WHAT YOU WILL DO:
In the entries below, find the line containing "Как русский футбол борется со снегом" and the line containing "Martín Torrijos es". Copy those two lines and everything between them exactly, without the pictures.

══ DATASET ENTRIES

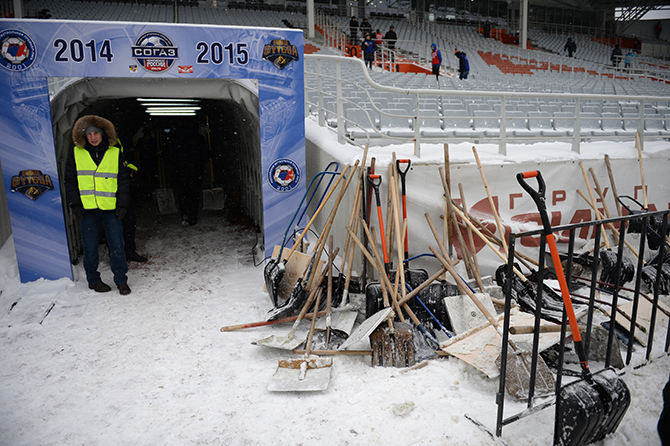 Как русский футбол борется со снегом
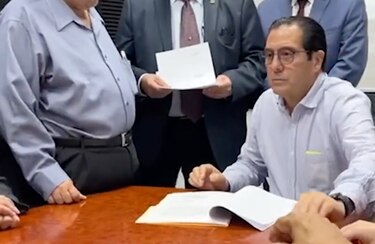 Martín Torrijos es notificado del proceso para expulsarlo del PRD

════
══ DATASET ENTRIES

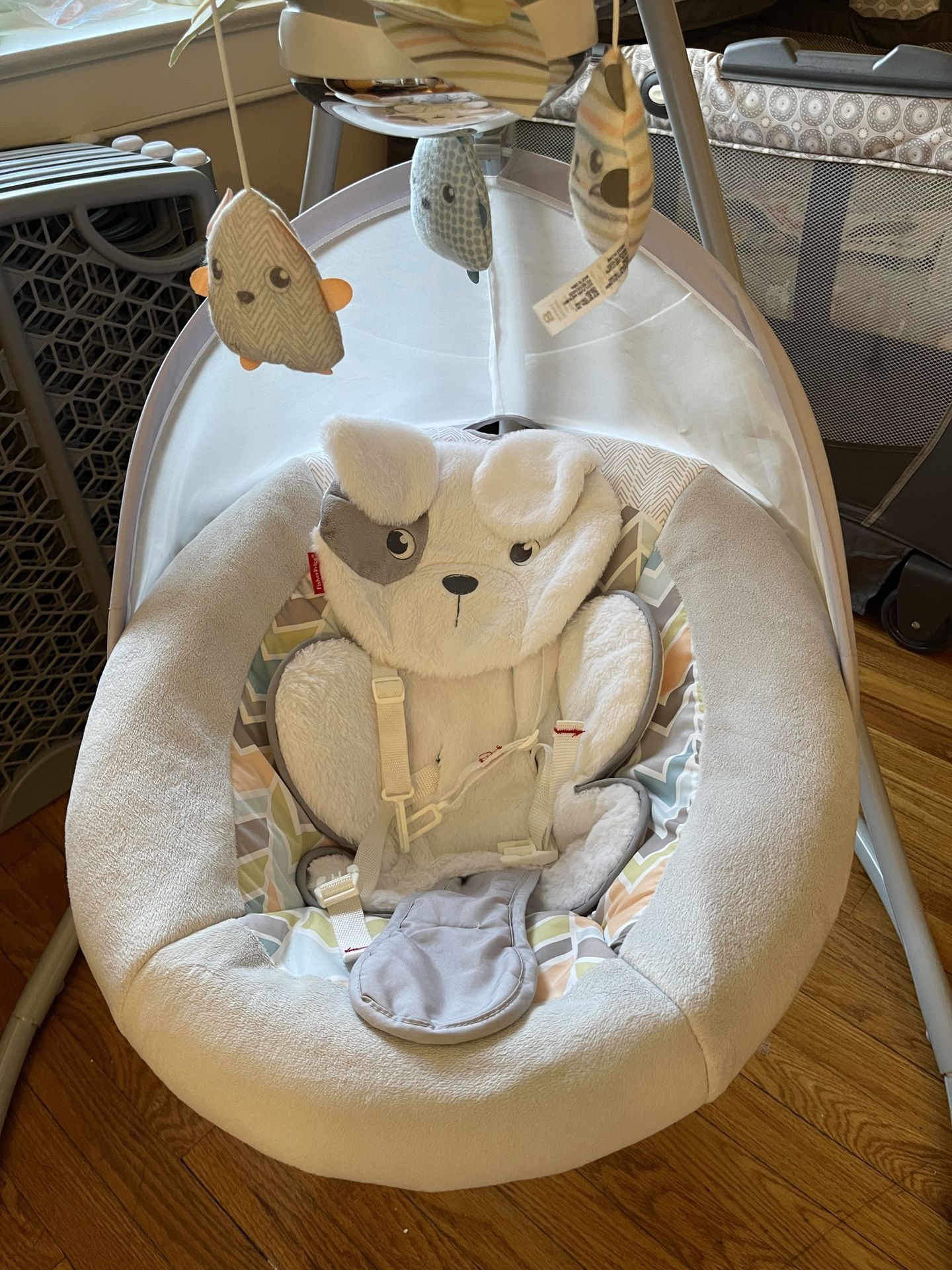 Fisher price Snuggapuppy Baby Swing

════
══ DATASET ENTRIES

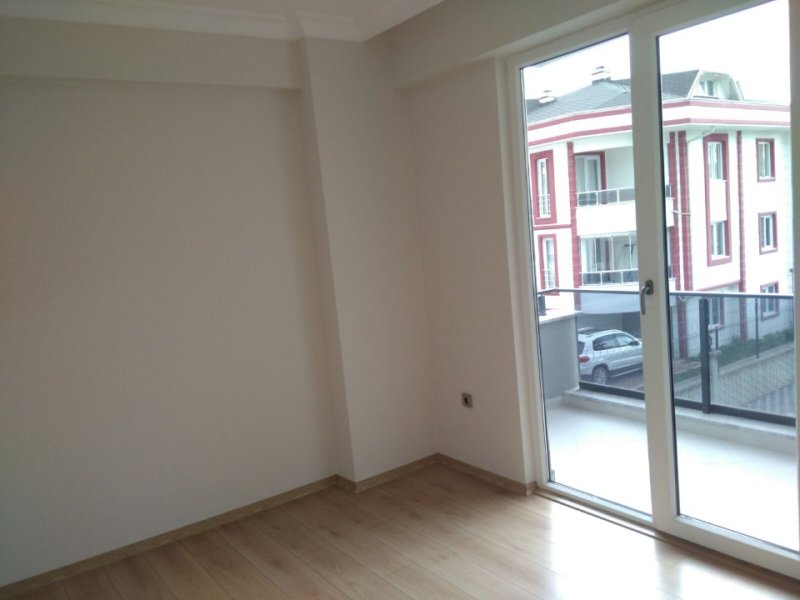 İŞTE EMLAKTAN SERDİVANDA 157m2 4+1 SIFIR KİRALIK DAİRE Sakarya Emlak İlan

════

OUTPUT OF THE TASK:
 Как русский футбол борется со снегом
 Martín Torrijos es notificado del proceso para expulsarlo del PRD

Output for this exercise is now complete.